Aging
Navigate
Research Paper|Volume 15, Issue 20|pp 11298—11312

Single-cell landscape and spatial transcriptomic analysis reveals macrophage infiltration and glycolytic metabolism in kidney renal clear cell carcinoma

Chen-Yueh Wen1, Jui-Hu Hsiao2, Yen-Dun Tony Tzeng3,4, Renin Chang5, Yi-Ling Tsang6, Chen-Hsin Kuo7, Chia-Jung Li8,9
  • 1Division of Urology, Department of Surgery, Kaohsiung Veterans General Hospital, Kaohsiung 813, Taiwan
  • 2Department of Surgery, Kaohsiung Municipal Minsheng Hospital, Kaohsiung 802, Taiwan
  • 3Department of Surgery, Kaohsiung Veterans General Hospital, Kaohsiung 813, Taiwan
  • 4Institute of Biomedical Sciences, National Sun Yat-Sen University, Kaohsiung 804, Taiwan
  • 5Department of Emergency Medicine, Kaohsiung Veterans General Hospital, Kaohsiung 802, Taiwan
  • 6Institute of Physiological Chemistry and Pathobiochemistry and Cells in Motion Interfaculty Centre (CiMIC), University of Münster, Münster 48149, Germany
  • 7Genomics Research Center, Academia Sinica, Taipei 115, Taiwan
  • 8Department of Obstetrics and Gynecology, Kaohsiung Veterans General Hospital, Kaohsiung 813, Taiwan
  • 9Institute of BioPharmaceutical Sciences, National Sun Yat-Sen University, Kaohsiung 804, Taiwan
* Equal contribution
Received: June 30, 2023Accepted: October 2, 2023Published: October 16, 2023

Copyright: © 2023 Wen et al. This is an open access article distributed under the terms of the Creative Commons Attribution License (CC BY 3.0), which permits unrestricted use, distribution, and reproduction in any medium, provided the original author and source are credited.

Abstract

The present study investigates the clinical relevance of glycolytic factors, specifically PGAM1, in the tumor microenvironment of kidney renal clear cell carcinoma (KIRC).
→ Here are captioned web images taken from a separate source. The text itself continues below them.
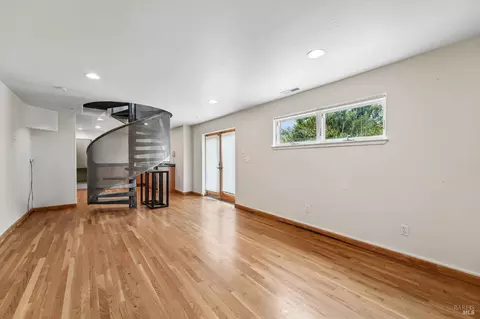 Living - 56 Ventura St, Vallejo, CA 94590 photo 14 of 15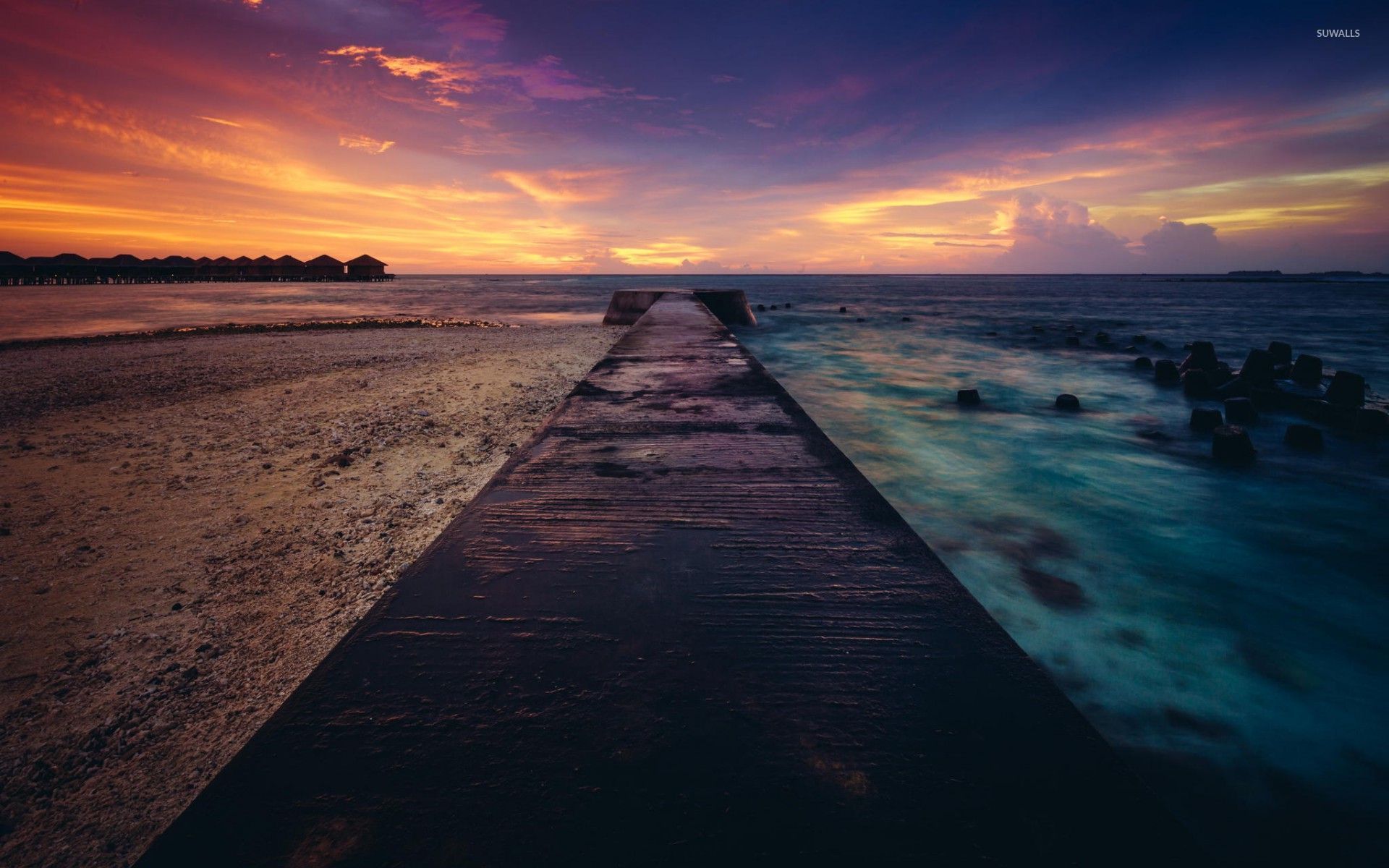 Muelle hacia el fondo de pantalla de la puesta del sol - Fondos de pantalla de playa - # 47310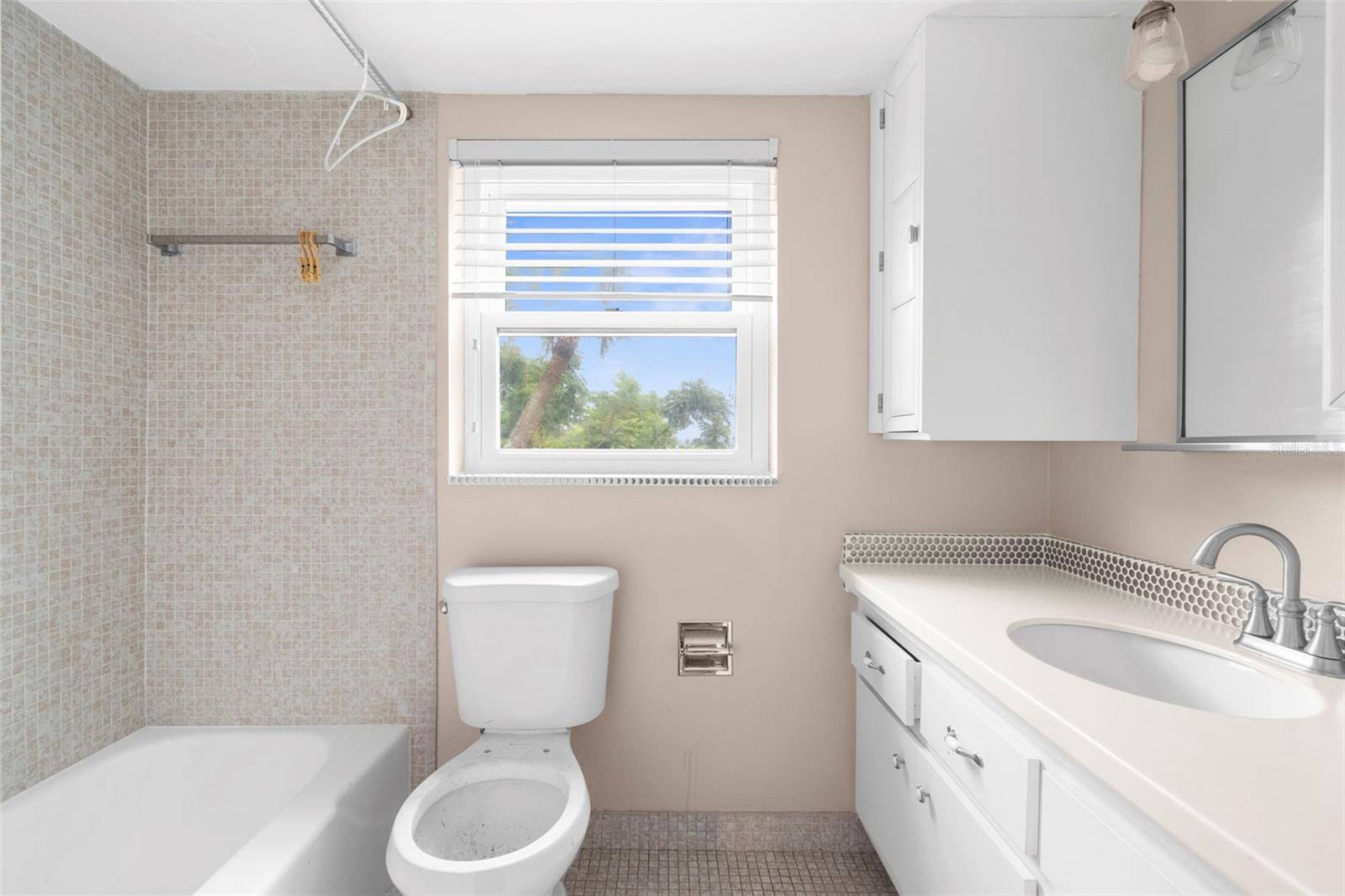 NO 1 PALM-AIRE DESOTO LAKES CC APT CONDO - Residential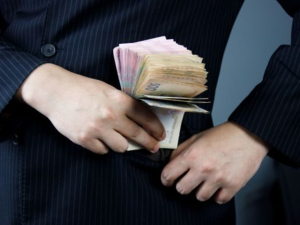 Схема з ремонтом укриття - у Запоріжжі посадовці підробили документи та вивели бюджетні кошти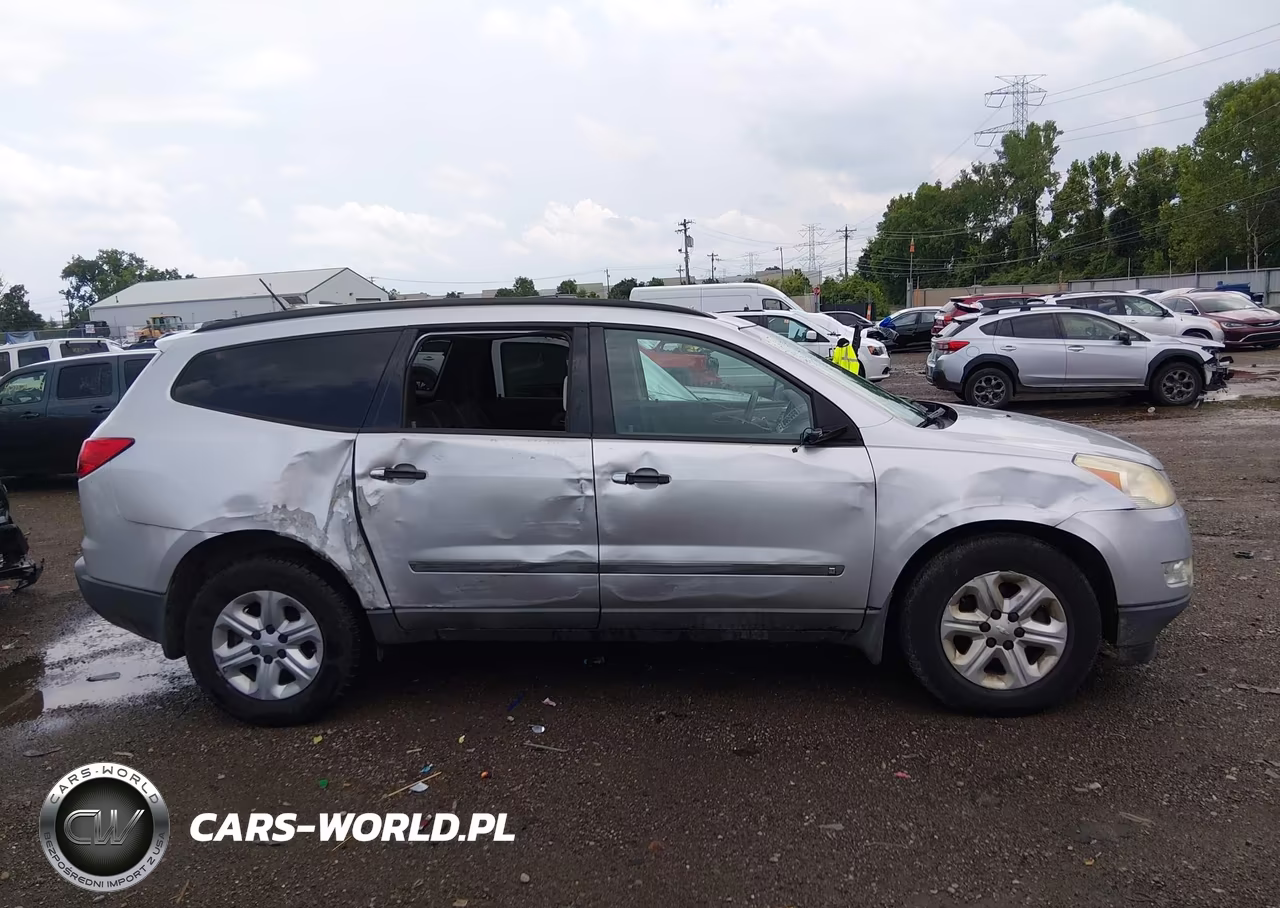 2009 Chevrolet Traverse Ls VIN:1GNEV13D39S176450 - 12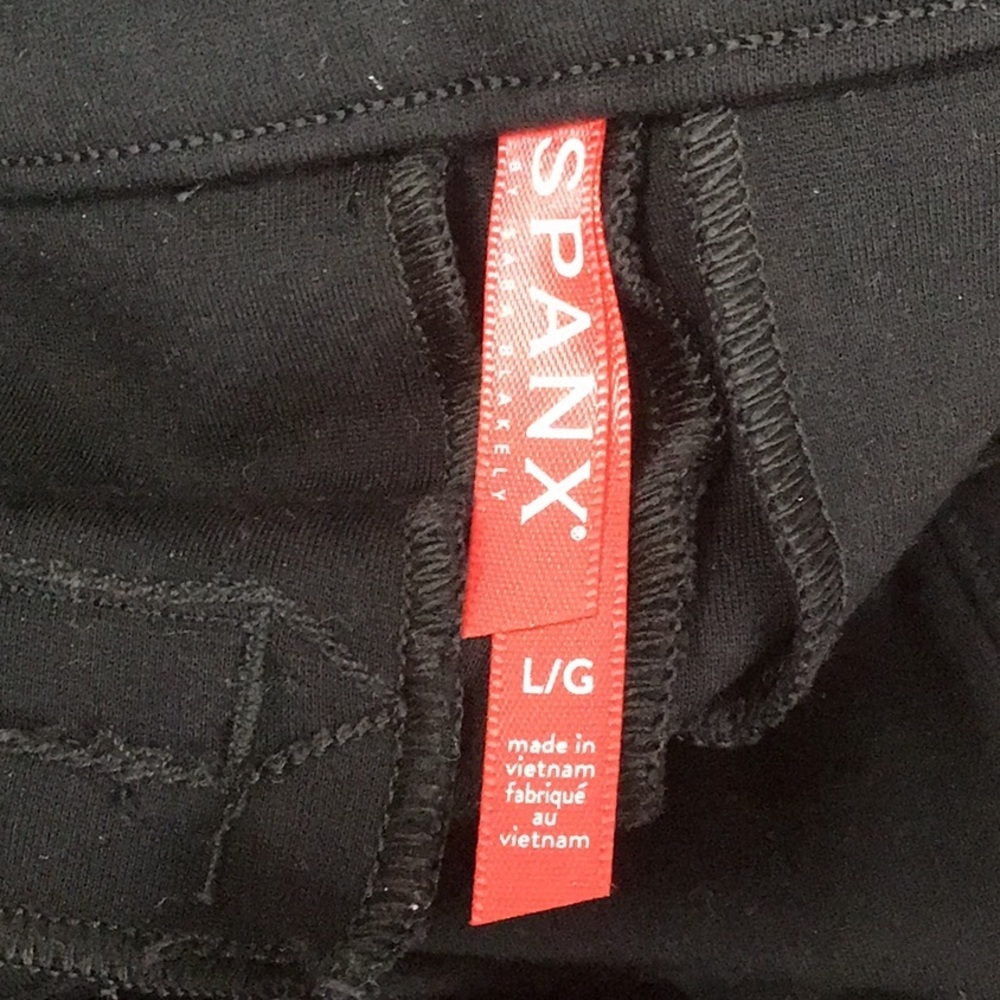 SPANX The Perfect Pant, Ankle Backseam Skinny in Large - regular length. - Picture 8 of 11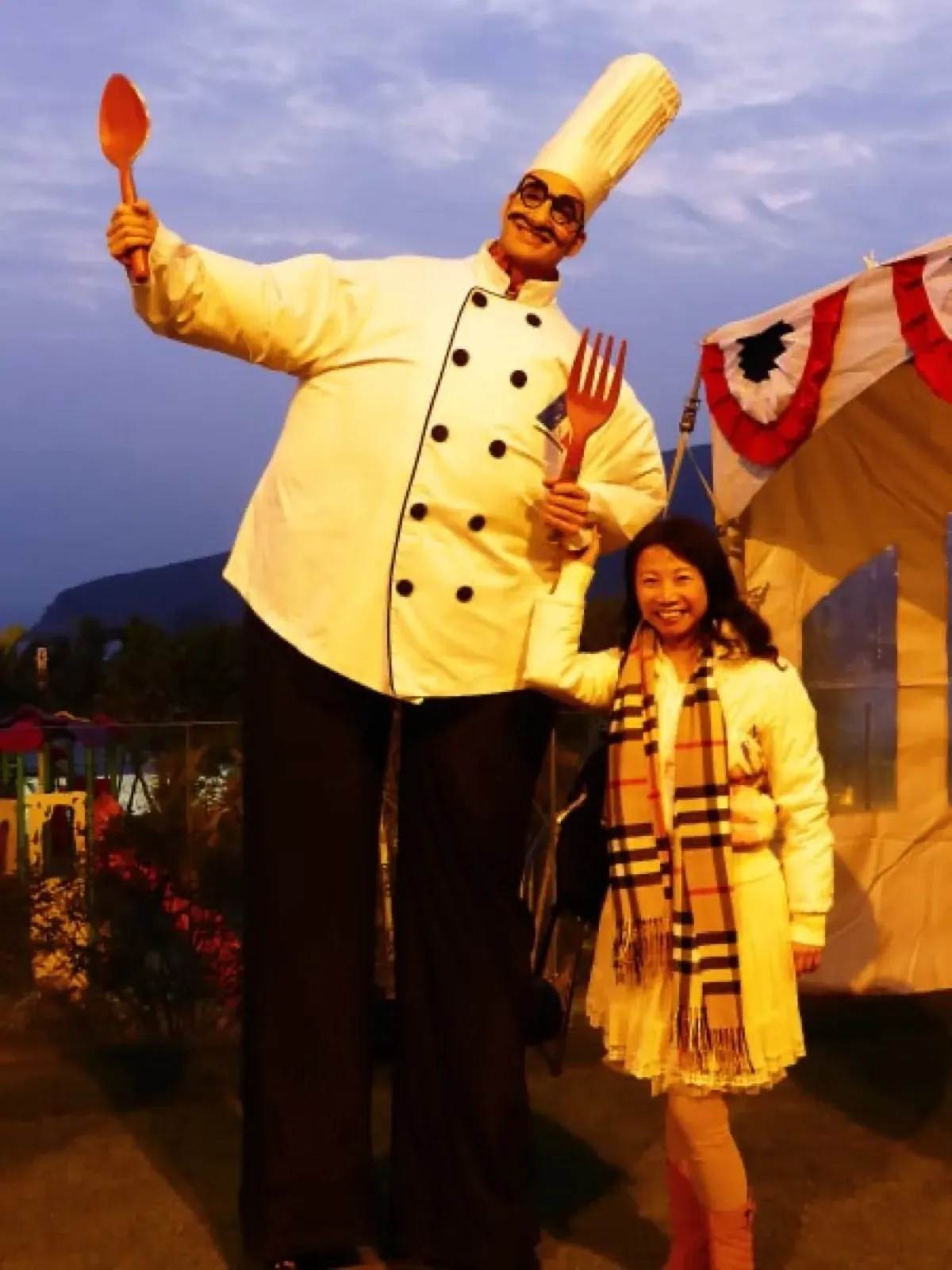Cooking chef on stilts for hong kong golf club event entertainment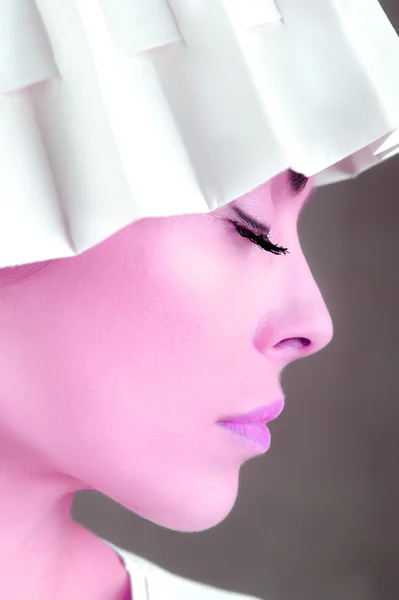 Close-up retrato de uma bela jovem com uma pele clara e rosada — Fotografia de Stock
Despite the established role of glycolytic metabolism in cancer pathophysiology, the prognostic implications and key targets in KIRC remain elusive. We analyzed GEO and TCGA datasets to identify DEGs in KIRC and studied their relationship with immune gene expression, survival, tumor stage, gene mutations, and infiltrating immune cells. We explored Pgam1 gene expression in different kidney regions using spatial transcriptomics after mouse kidney injury analysis. Single-cell RNA-sequencing was used to assess the association of PGAM1 with immune cells. Findings were validated with tumor specimens from 60 KIRC patients, correlating PGAM1 expression with clinicopathological features and prognosis using bioinformatics and immunohistochemistry. We demonstrated the expression of central gene regulators in renal cancer in relation to genetic variants, deletions, and tumor microenvironment. Mutations in these hub genes were positively associated with distinct immune cells in six different immune datasets and played a crucial role in immune cell infiltration in KIRC. Single-cell RNA-sequencing revealed that elevated PGAM1 was associated with immune cell infiltration, specifically macrophages. Furthermore, pharmacogenomic analysis of renal cancer cell lines indicated that inactivation of PGAM1 was associated with increased sensitivity to specific small-molecule drugs. Altered PGAM1 in KIRC is associated with disease progression and immune microenvironment. It has diagnostic and prognostic implications, indicating its potential in precision medicine and drug screening.